In an attempt to remediate this, Professor Crosley and his team at Indiana University have been working on
creating an independent data review process, applicable to all industries, which would assess data risk for
researchers (rather than just privacy risk). When one commenter asked about the composition of an IRB-
like board for companies, Professor Crosley suggested participants consider dynamic IRB-like boards
comprised of subject matter experts who are able to bring in their deep expertise, as well as consumers in
order to align research practices as closely with consumers’ reasonable expectations as possible.
Molly Jackman, Public Policy Research Manager, Facebook, continued next by describing the new
ethical review process, inspired by the Belmont report, that Facebook has built to vet its research activities.
She also emphasized the critical importance of ensuring any research conducted on the company’s data is
coherent and in conformity with the company’s values.
Facebook’s review process is divided into two independent branches: a research review and a privacy
review. First, when joining the company, every employee receives privacy training, the nature and
complexity of which varies depending on the employee’s role. This specifically includes having any
employee directly involved in research attending a thorough data and research “bootcamp.” Employees
involved as reviewers will also complete the National Institute of Health’s human subjects training.

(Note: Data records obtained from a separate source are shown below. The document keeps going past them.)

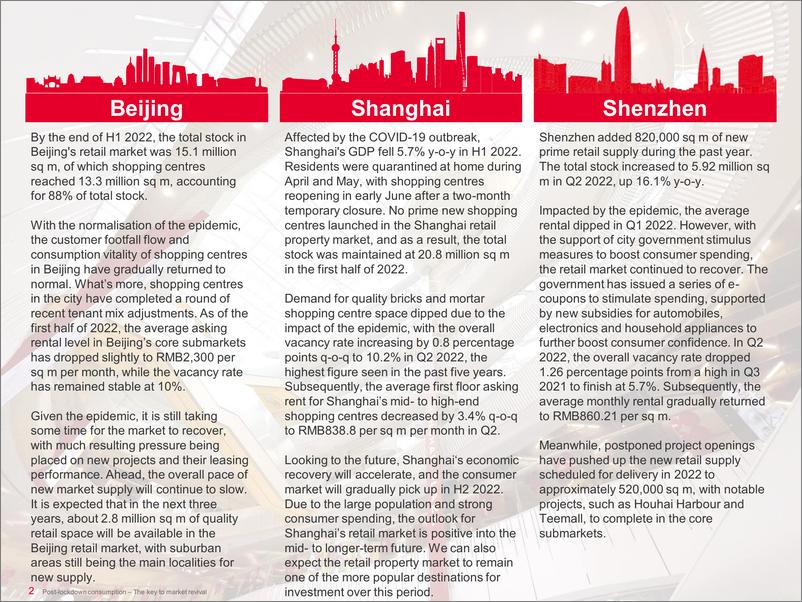 《中国零售物业供应或需求核心趋势（英）-59页》 - 第5页预览图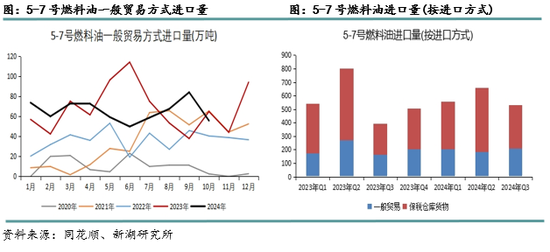 新湖化工（高低硫燃料油）2025年报：油价下行压力尚未解除，低硫需求继续被挤压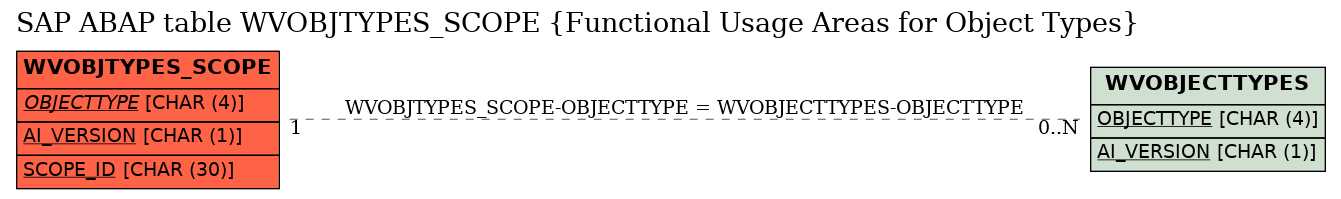 E-R Diagram for table WVOBJTYPES_SCOPE (Functional Usage Areas for Object Types)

Secondly, each research proposal is subject to a specific review process before it can begin. A board
comprised of five Facebook employees hears the proposal and decides whether to authorize it or not. The
review board considers several criteria, such as the sensitivity of the data or the community concerned by
the research. Particularly sensitive research triggers a higher level of scrutiny. In order to grasp the subtleties
and implications of the research, they involve experts in law, policy, communication and substantive
research area experts both internally and externally. While typically the board deliberates and is able to
come to an informed decision, additional veto points also exist throughout the process.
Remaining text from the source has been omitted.